The textile spinning sector units, especially those engaged in export of cotton yarn, have expressed unhappiness with the Foreign Trade Policy (2015-20) announced by the government saying that there is hardly any concrete step in it for encouraging exports despite the fact that the sector employs over 35 million workers and has the required potential to double this number by 2020.
They find no incentives for export of cotton yarn in the policy. They also complain that the 2 percent incentive provided for MMF yarn and fabrics of all fibres under the Merchandise Exports from India Scheme (MEIS) is only for countries in which these products have very limited market. Overall, they feel that instead of reducing any incentives on textiles export, the government should reduce interest cost on working capital to 7 percent and also the duty burden on MMFs.
Although the industry has commended the role of CCI in arresting a price crash by timely procuring over 86 lakh bales of cotton at the beginning of the current cotton season, they are not at all satisfied with the way the CCI is releasing the stocked cotton. They want the CCI to dispose of all the cotton through e-auction.
There has been widespread opposition to the CCI’s bulk discount that favoured a few big traders and large mills forcing the small and medium size mills to pay Rs.500/ – to Rs.1000/- to the traders for procuring the required cotton.
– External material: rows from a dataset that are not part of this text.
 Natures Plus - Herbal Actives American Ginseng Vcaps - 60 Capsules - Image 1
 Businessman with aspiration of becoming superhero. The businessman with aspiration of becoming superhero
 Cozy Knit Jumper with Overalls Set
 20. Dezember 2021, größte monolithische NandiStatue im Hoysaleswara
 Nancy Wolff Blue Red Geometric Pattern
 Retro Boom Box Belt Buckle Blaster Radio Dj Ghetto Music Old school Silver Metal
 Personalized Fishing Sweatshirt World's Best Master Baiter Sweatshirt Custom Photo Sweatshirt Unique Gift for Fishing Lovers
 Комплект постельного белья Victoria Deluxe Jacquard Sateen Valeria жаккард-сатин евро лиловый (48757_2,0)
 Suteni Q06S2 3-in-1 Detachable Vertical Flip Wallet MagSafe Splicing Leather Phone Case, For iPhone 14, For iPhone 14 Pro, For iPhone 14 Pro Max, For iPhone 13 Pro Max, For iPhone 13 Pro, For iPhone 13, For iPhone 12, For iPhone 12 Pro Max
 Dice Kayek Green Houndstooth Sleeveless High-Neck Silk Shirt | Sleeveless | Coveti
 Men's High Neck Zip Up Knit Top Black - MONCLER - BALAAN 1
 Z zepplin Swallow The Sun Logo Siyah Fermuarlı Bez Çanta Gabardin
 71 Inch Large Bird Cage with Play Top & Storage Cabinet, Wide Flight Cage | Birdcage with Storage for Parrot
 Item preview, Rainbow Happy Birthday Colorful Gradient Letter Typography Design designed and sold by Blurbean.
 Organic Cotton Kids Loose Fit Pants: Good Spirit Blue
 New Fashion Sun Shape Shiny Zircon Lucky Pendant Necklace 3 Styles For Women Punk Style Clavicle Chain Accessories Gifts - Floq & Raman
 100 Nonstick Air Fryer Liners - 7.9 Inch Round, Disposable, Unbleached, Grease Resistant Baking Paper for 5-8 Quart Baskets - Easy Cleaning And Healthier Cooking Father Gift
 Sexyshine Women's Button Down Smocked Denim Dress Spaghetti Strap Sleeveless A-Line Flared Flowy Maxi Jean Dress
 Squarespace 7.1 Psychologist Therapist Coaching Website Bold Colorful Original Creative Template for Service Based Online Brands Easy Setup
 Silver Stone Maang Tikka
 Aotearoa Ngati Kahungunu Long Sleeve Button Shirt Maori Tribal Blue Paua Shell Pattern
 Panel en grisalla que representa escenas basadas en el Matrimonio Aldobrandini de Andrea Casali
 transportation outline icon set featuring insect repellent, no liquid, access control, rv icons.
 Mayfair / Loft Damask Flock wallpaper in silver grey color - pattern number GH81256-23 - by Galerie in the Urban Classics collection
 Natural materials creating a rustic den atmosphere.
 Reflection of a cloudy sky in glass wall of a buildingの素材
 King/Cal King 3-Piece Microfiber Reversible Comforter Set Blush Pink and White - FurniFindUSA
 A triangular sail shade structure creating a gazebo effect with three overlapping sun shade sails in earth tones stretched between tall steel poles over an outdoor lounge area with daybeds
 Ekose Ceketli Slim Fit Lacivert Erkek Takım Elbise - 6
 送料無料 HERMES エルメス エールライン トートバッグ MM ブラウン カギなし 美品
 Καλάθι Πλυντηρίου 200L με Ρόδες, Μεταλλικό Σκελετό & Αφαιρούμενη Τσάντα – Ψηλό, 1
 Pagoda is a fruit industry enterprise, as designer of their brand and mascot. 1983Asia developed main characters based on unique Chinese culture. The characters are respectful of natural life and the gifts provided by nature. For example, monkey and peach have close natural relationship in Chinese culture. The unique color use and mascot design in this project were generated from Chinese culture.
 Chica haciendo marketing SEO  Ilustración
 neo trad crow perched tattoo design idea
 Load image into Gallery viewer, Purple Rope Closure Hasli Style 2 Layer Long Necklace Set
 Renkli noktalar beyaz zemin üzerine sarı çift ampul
The industry had to pay Rs.2000/- to Rs.4000/- more for the indigenous cotton.
The spinning units also want the government to reduce the age-old Hank Yarn Obligation from 40 per cent to 10 per cent.
The South India Spinners Association (SISPA), on the other hand, has urged the government to bring down the duty on synthetic fibres (presently at 12.36 per cent) on par with cotton so as to provide a level playing field and enhance competitiveness of the smaller spinning units. These units have to face inconsistent supply of synthetic fibres and also have to pay higher prices for the imported fibre as a result of high duty.
According to the Confederation of Indian Textile Industry (CITI) : “The Indian textiles industry has been in bad shape for some time now, added to which are the current problems affecting cotton and cotton yarn — the changing Chinese import policy has led to a situation of surplus stocks. China being the largest importer of both – cotton and cotton yarn, lower offtake has forced many spinning mills to work on lesser number of shifts and some to even close down.”
“Level Playing Field” has become such an overused phrase over the past many years that it has totally lost it’s significance and impact. The government as well as the industry associations will have to do some real work to arrive at certain clear and mutually agreed set of parameters or formulae that, according to them, can contribute to ensuring a level playing field, automatically.